== What to produce ==
Leave out all pictures and retype exactly the lines from the one with "FAUSTO Men PU Shoe-Style Sandals-image-99" through the last line of the material.

(Beginning of Material for this exercise)

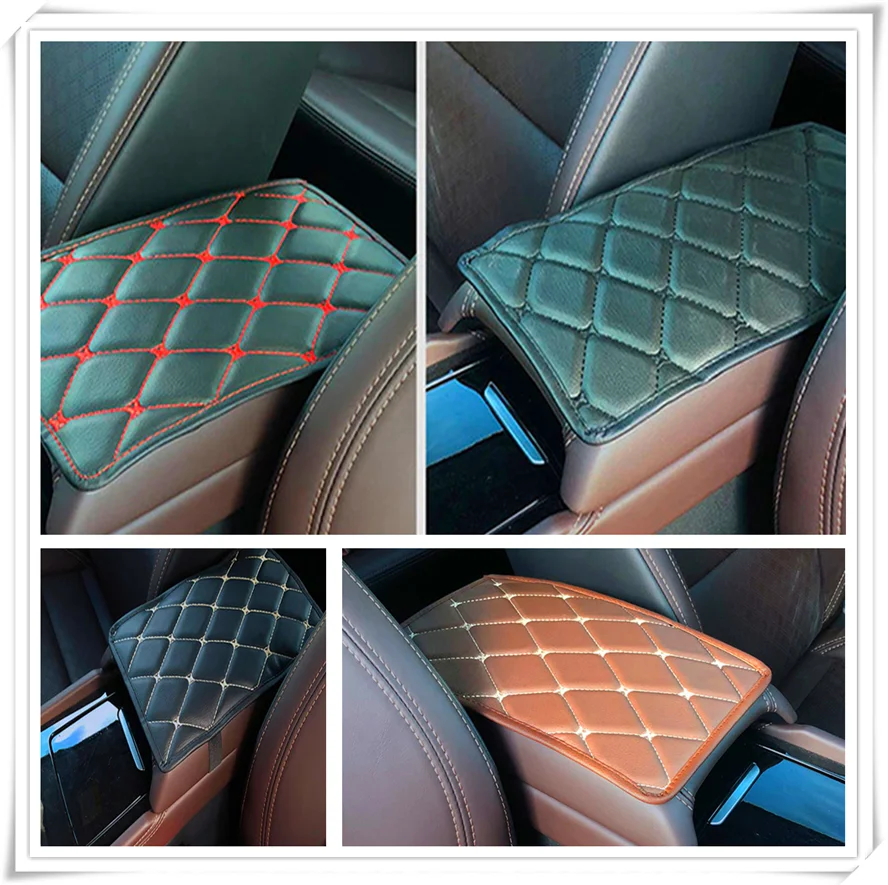 Автомобильный подлокотник коврик для хранения подушка Honda Crosstour CR-Z S C EV-Ster AC-X HSV-010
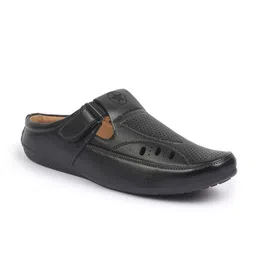 FAUSTO Men PU Shoe-Style Sandals-image-99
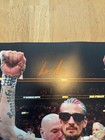 Suga Sean O   malley Signed Autographed 16x20 Photo Jsa Coa Authentic Auto Ufc Mma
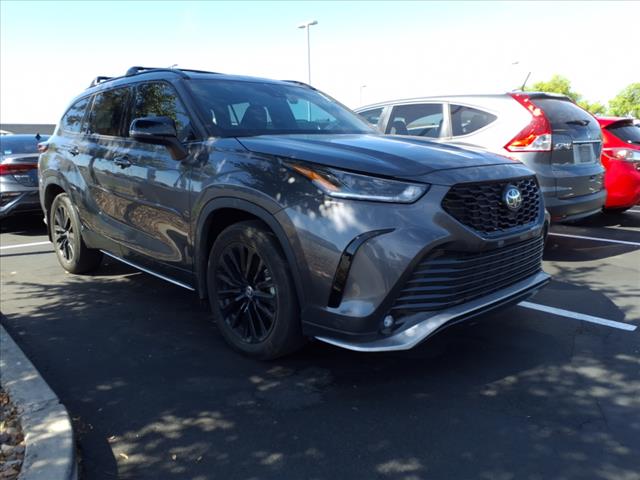 2023 Toyota Highlander XSE
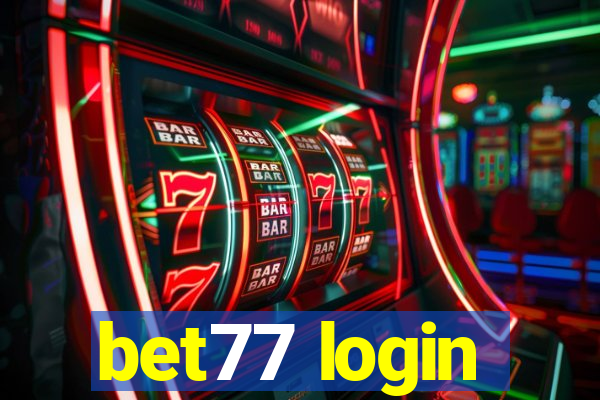 bet77 login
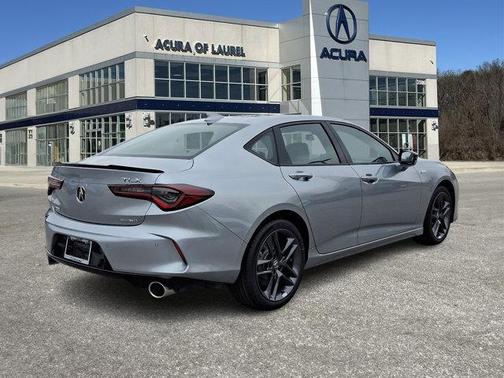 2025 Acura TLX A-Spec
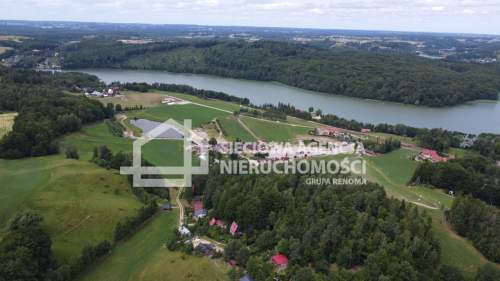 Klimatyczny dom 4 pokojowy w Szymbarku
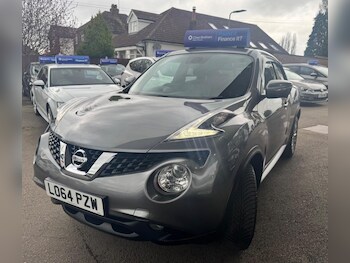 Used Nissan Juke 2015 for sale - 78316452: Photo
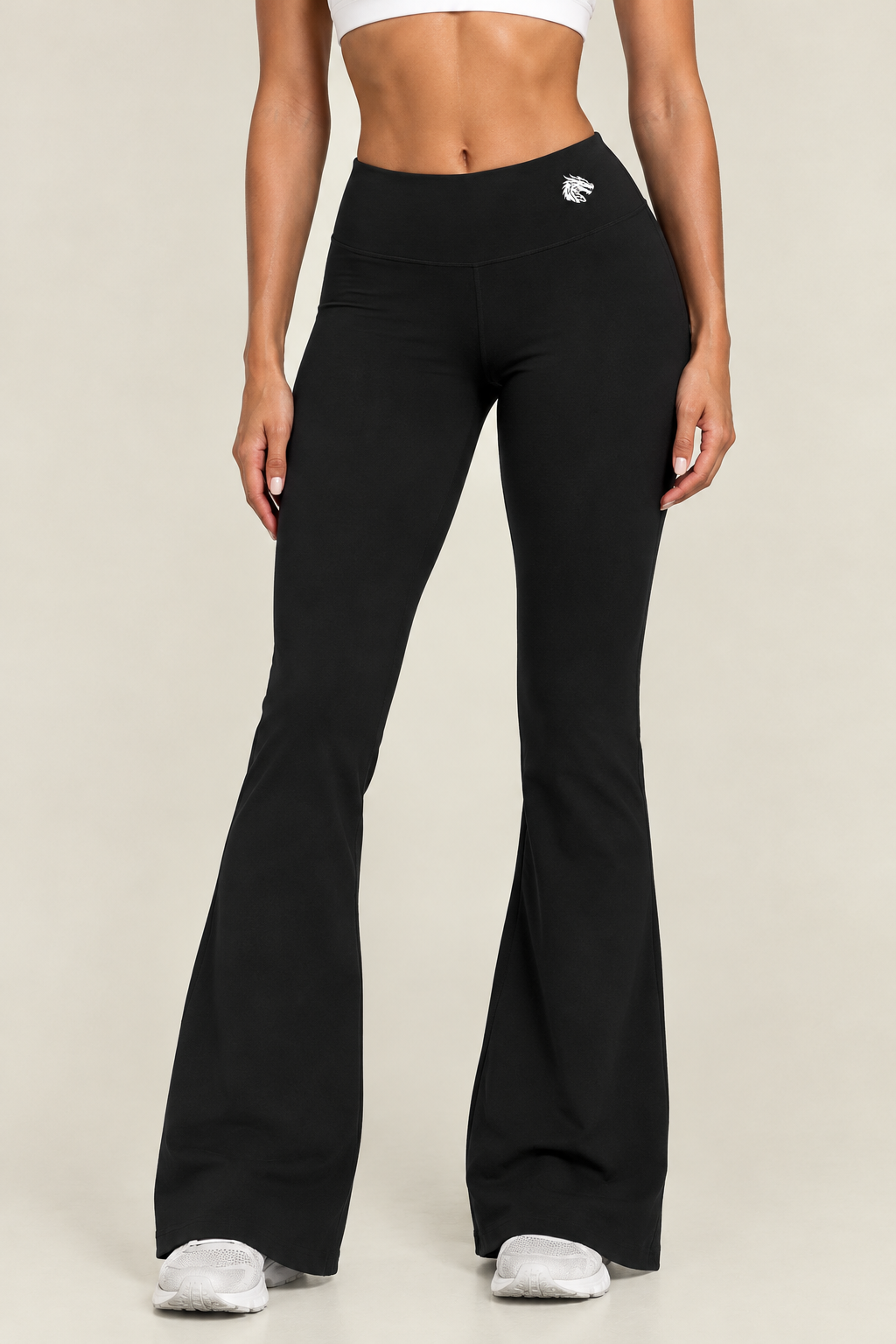 Seamless Flared Leggings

(End of Material for this exercise)

== Answer to the exercise ==
 FAUSTO Men PU Shoe-Style Sandals-image-99
 Suga Sean O   malley Signed Autographed 16x20 Photo Jsa Coa Authentic Auto Ufc Mma
 2023 Toyota Highlander XSE
 bet77 login
 2025 Acura TLX A-Spec
 Klimatyczny dom 4 pokojowy w Szymbarku
 Used Nissan Juke 2015 for sale - 78316452: Photo
 Seamless Flared Leggings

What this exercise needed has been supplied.